It IS difficult to match that green and tan paint job I use on most of my
rockets. That's why I like to bring them in softly:-). As to the one wrap or
no wrap.....now I know why you didn't see any benefits! I fold my chutes and
roll them VERY tightly. I then wrap the lines COMPLETELY around the chute
(right to the quick link). This keeps the chute in a tight "ball." When the
nose pulls the chute (and blanket) out, the blanket opens up, the lines unroll
and the chute almost explodes open. I've used this method, for years, on both
Rocketman and LOC chutes and NEVER had one not open or get tangled. I use a
blanket that is as big as I can (Ky's 30 inchers on a 7.5 inch tube). I put the
shock cord and the chute ball inside and fold the circle from 4 sides. I also
use a short piece of Kevlar to connect this to the nose/payload and main body.

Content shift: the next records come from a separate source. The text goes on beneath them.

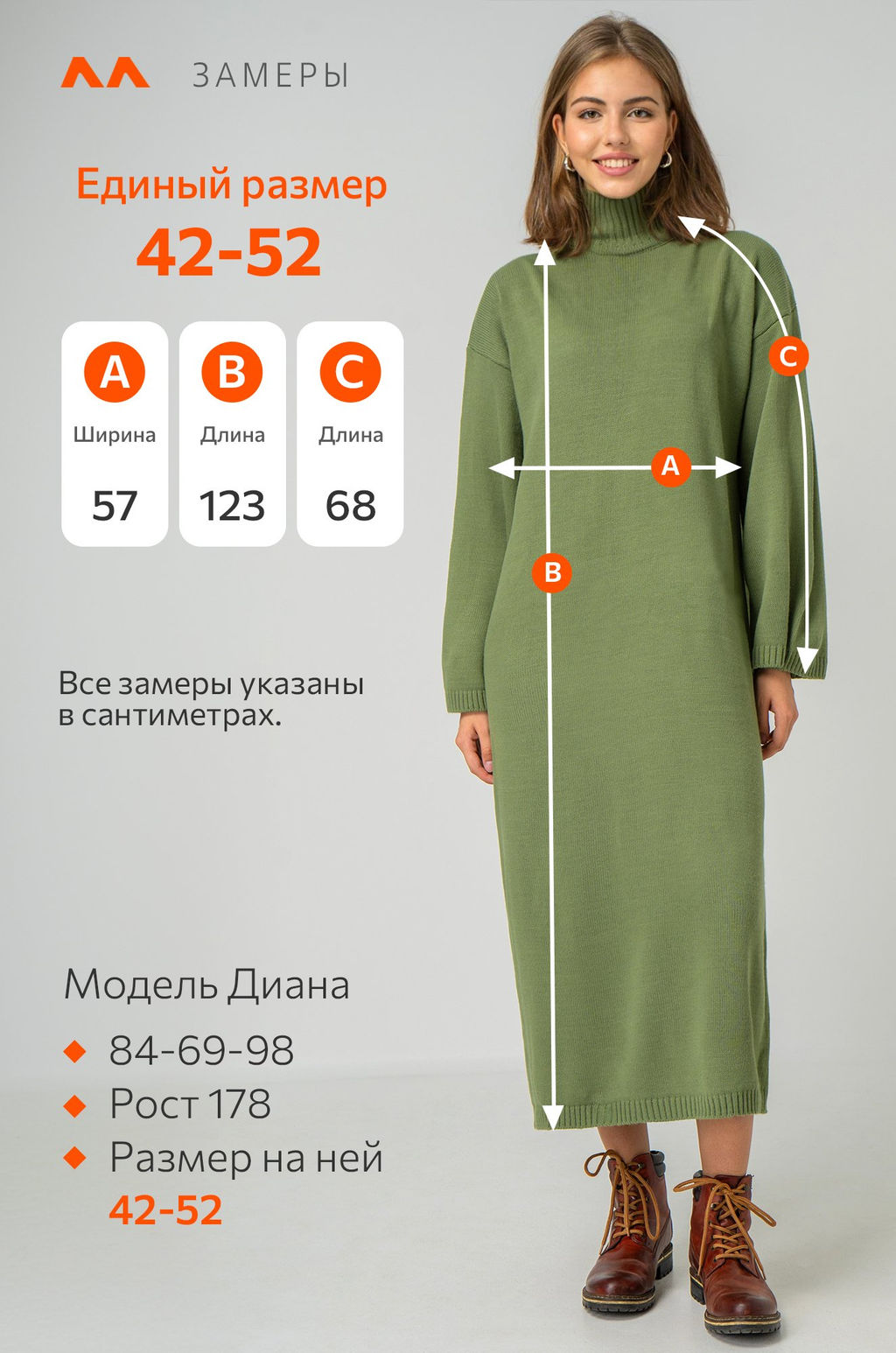 Женское теплое вязаное платье Happyfox - Happy fox фото 10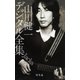 山川健一デジタル全集 Jacks（幻冬舎） [電子書籍]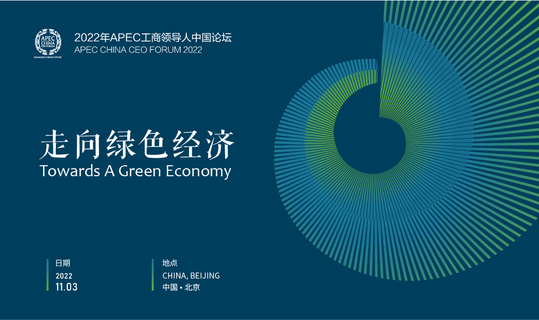 APEC China CEO Forum 2022 : Towards A Green Economy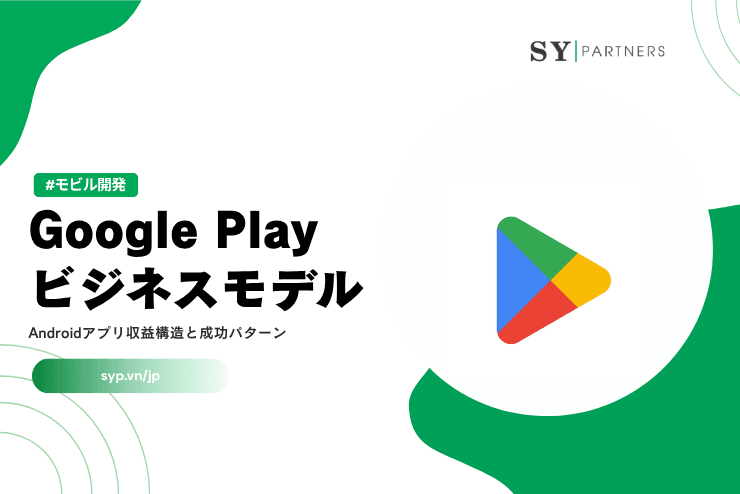 Google Playビジネスモデル|Androidアプリ収益構造と成功パターンを徹底解説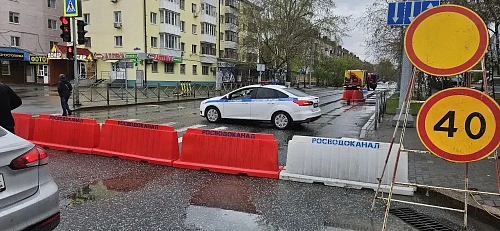 На ул. Тульской в Тюмени закрыто движение из-за просадки асфальта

As I said It has worked for me.
For anyone that wants to see what I mean..try this. Take a Rocketman Chute and
stretch it out on the floor. Next, fold the chute along its four main seams.
You should now have one panel that is flat on one side and curved on the other.
Next, fold this panel over on itself until you have a fairly thin and square
line. Next, roll this up into a tight roll, making sure that the material
doesn't squeeze out the sides ( NOT real easy to do!). Next, tightly wrap the
shroud lines around this roll, right up to the quick link. Now, take it out
side, hold on to the quick link and pitch the roll away from you (under handed,
like a soft ball pitch) I think you'll see what I mean. For chutes that use
less slipery material than Ky's this method may not work as well, but, as I
mentioned, I've used it on the biggest LOC chutes, too.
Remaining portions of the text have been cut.